#### WORK ORDER:
Copy the listing below letter for letter, passing over each picture.

#### DATASET CONTENT:
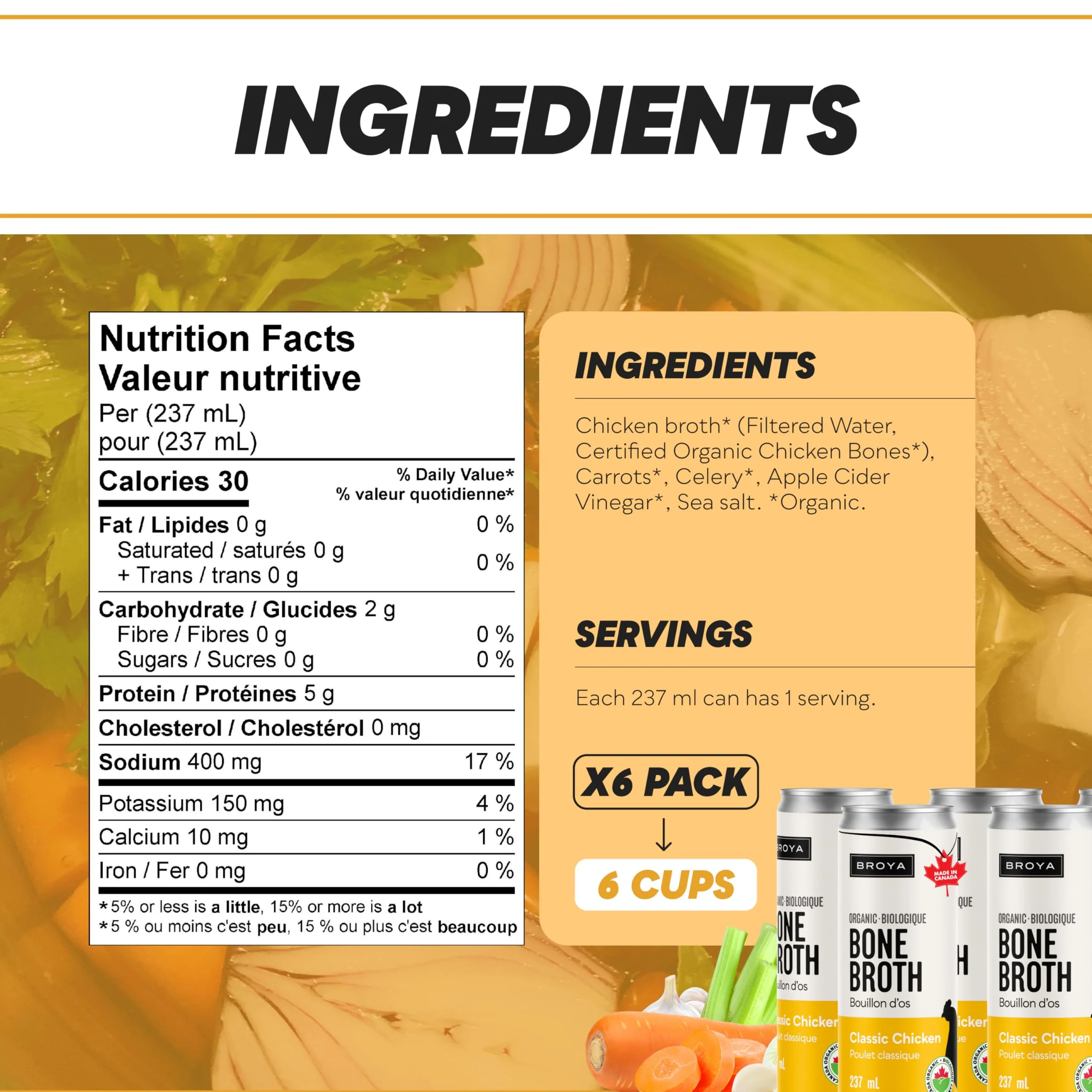 BROYA – Bone Broth – Classic Chicken – 6 × 237mL – Organic Ingredients - Canadian Distribution - Ships Free Within Canada on Orders Above CAD $199 - Image 7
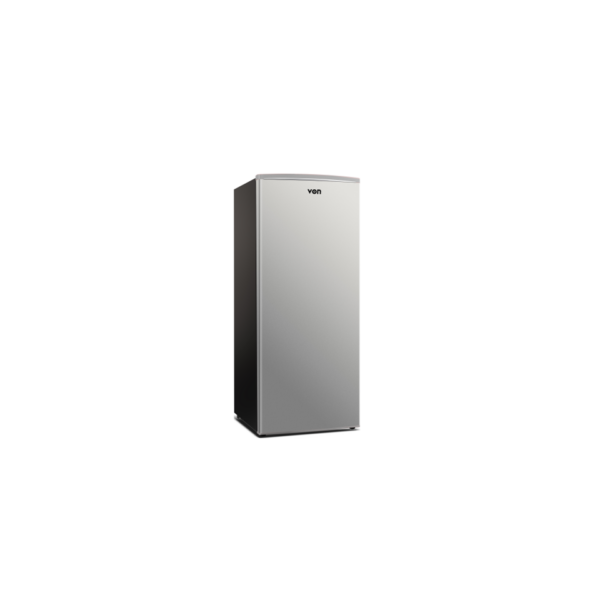 Von 170L Single Door Fridge (VRS-190DRHX). Inox, Direct Cool, large freezer box, glass shelves, and lock with key.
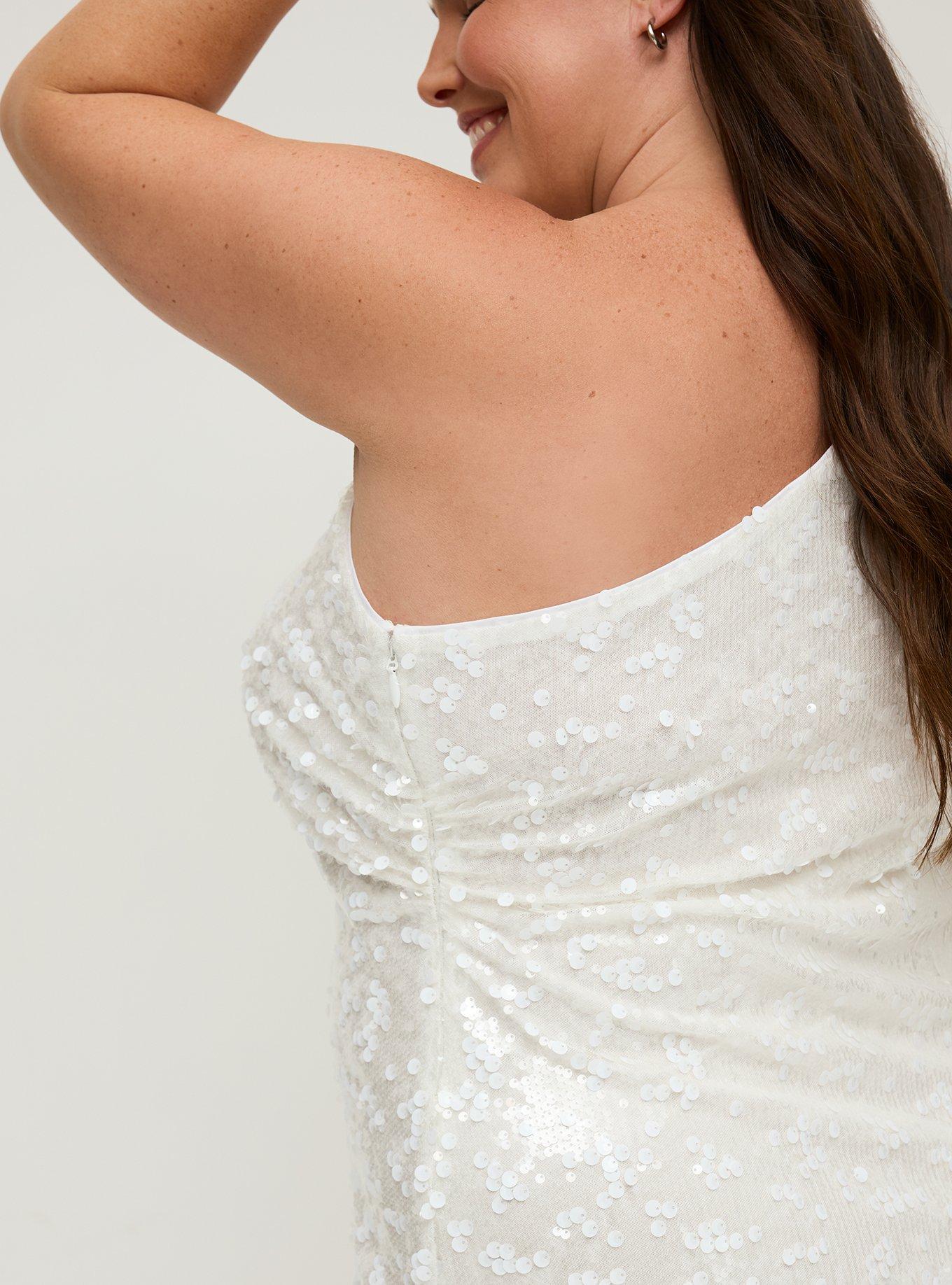 open lace back dress Women's Dresses Don't Wait Up One Shoulder Sequin Dress White/Gold XL by Selfie Leslie Clearance main image 1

#### EXERCISE RESPONSE:
 BROYA – Bone Broth – Classic Chicken – 6 × 237mL – Organic Ingredients - Canadian Distribution - Ships Free Within Canada on Orders Above CAD $199 - Image 7
 Von 170L Single Door Fridge (VRS-190DRHX). Inox, Direct Cool, large freezer box, glass shelves, and lock with key.
 open lace back dress Women's Dresses Don't Wait Up One Shoulder Sequin Dress White/Gold XL by Selfie Leslie Clearance main image 1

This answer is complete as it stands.